## Problem to work on
When you restate the records, do so word for word and omit any picture they contain.

## Data records
----

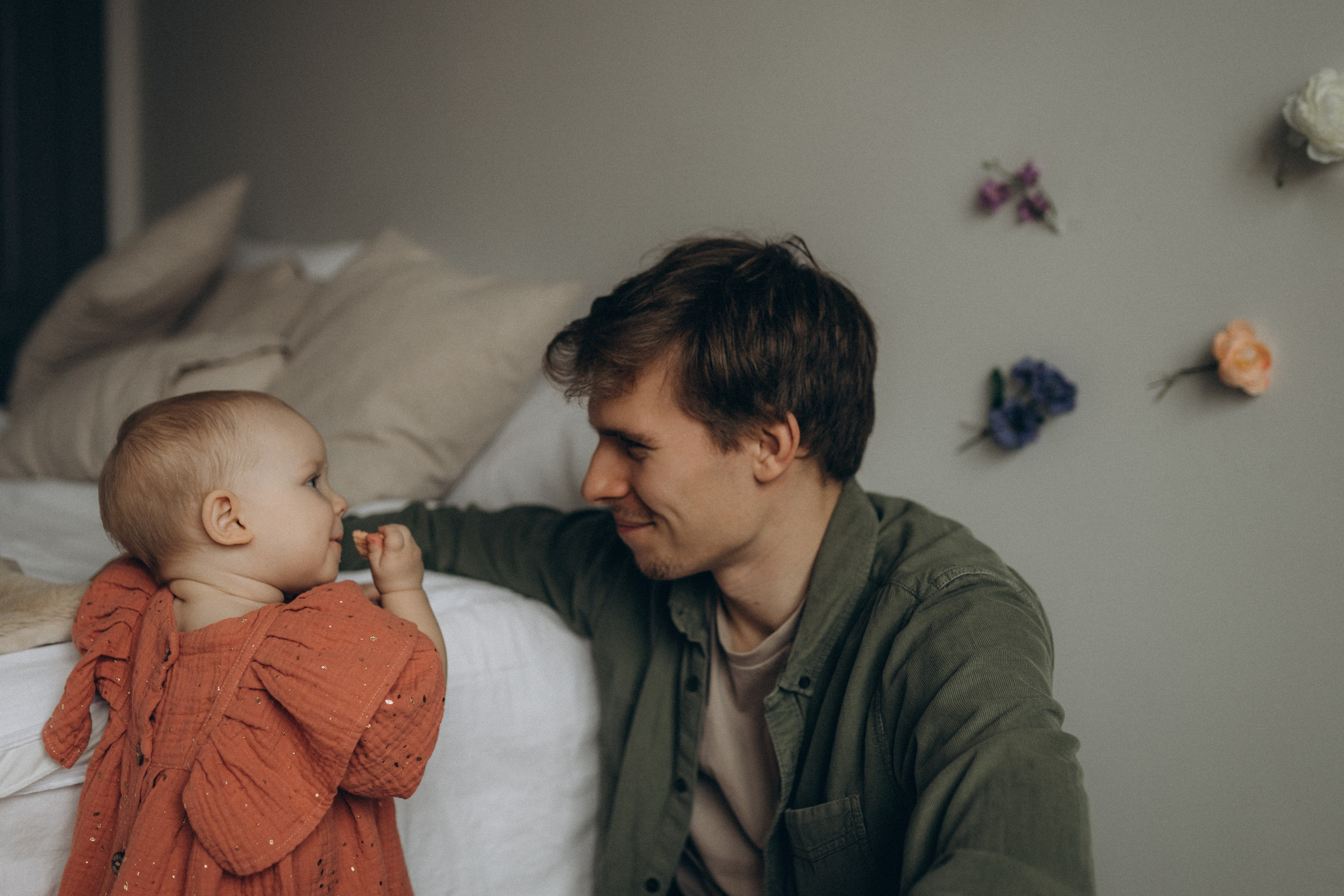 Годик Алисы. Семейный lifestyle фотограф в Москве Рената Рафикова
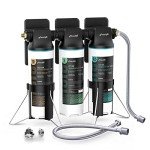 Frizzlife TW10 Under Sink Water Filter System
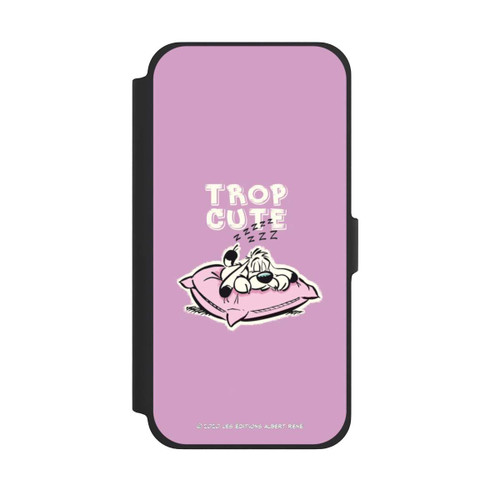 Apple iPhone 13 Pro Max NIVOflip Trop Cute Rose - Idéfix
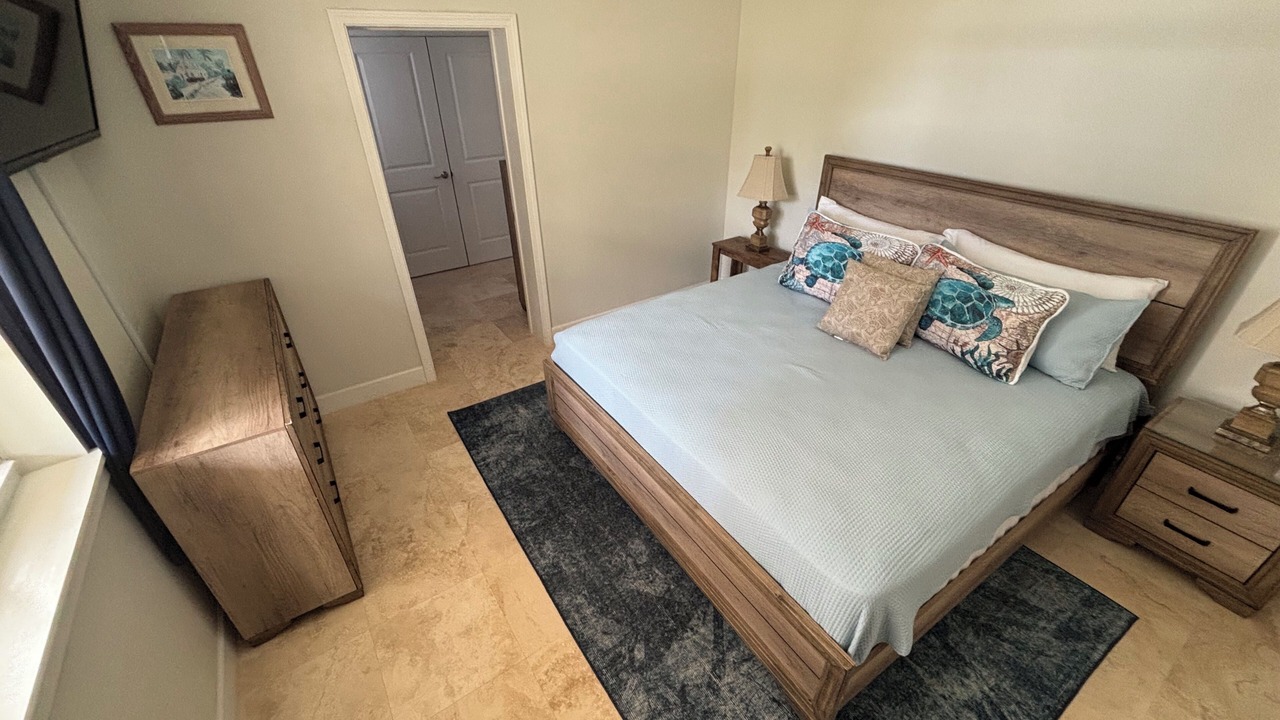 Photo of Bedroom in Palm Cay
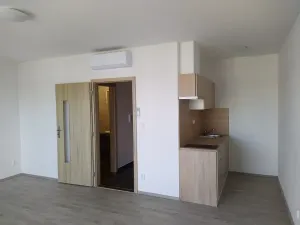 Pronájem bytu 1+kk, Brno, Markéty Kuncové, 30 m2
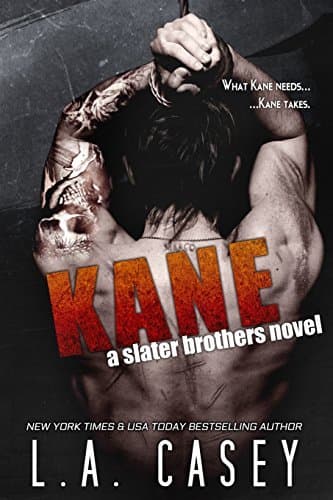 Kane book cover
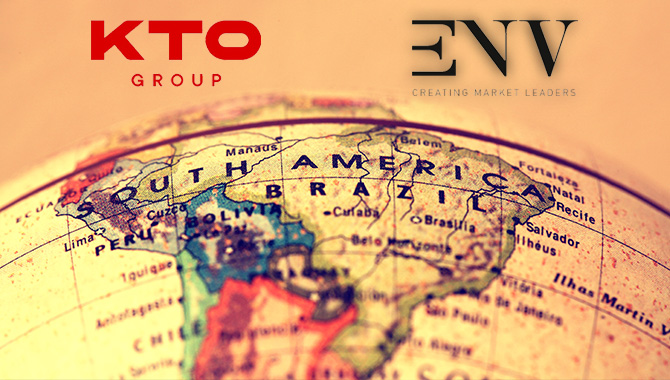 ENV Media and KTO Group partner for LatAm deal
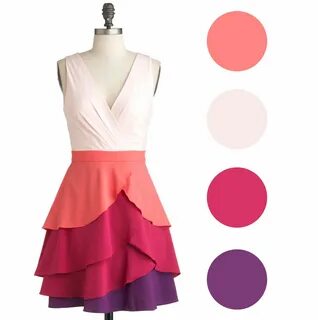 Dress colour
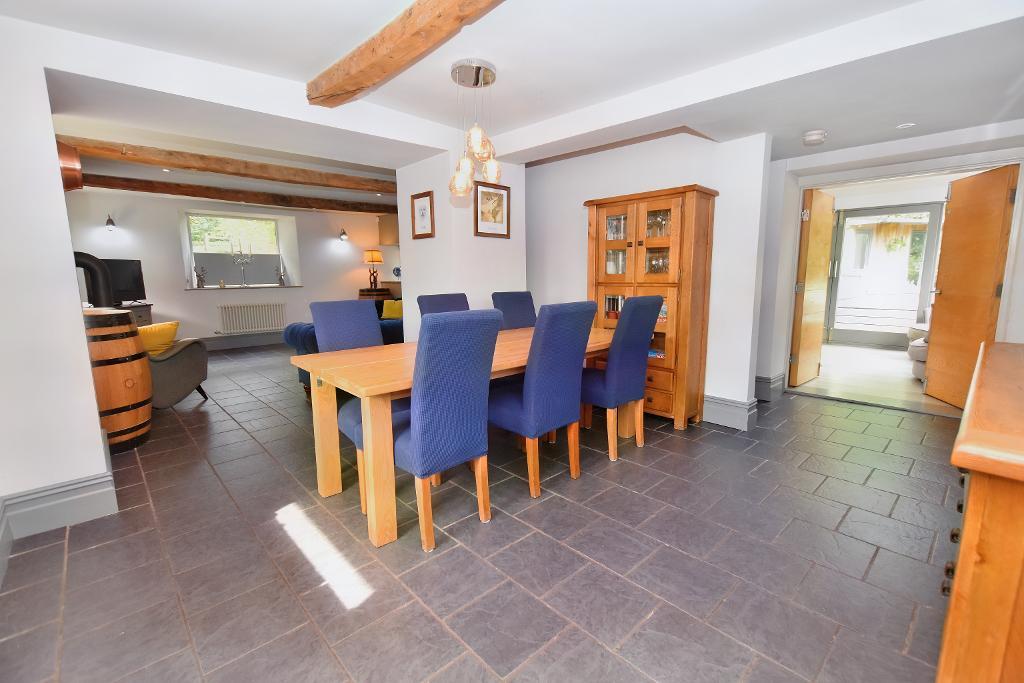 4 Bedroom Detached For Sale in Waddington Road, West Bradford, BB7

----

## Result of this exercise
 Годик Алисы. Семейный lifestyle фотограф в Москве Рената Рафикова
 Frizzlife TW10 Under Sink Water Filter System
 Apple iPhone 13 Pro Max NIVOflip Trop Cute Rose - Idéfix
 Photo of Bedroom in Palm Cay
 Pronájem bytu 1+kk, Brno, Markéty Kuncové, 30 m2
 Kane book cover
 ENV Media and KTO Group partner for LatAm deal
 Dress colour
 4 Bedroom Detached For Sale in Waddington Road, West Bradford, BB7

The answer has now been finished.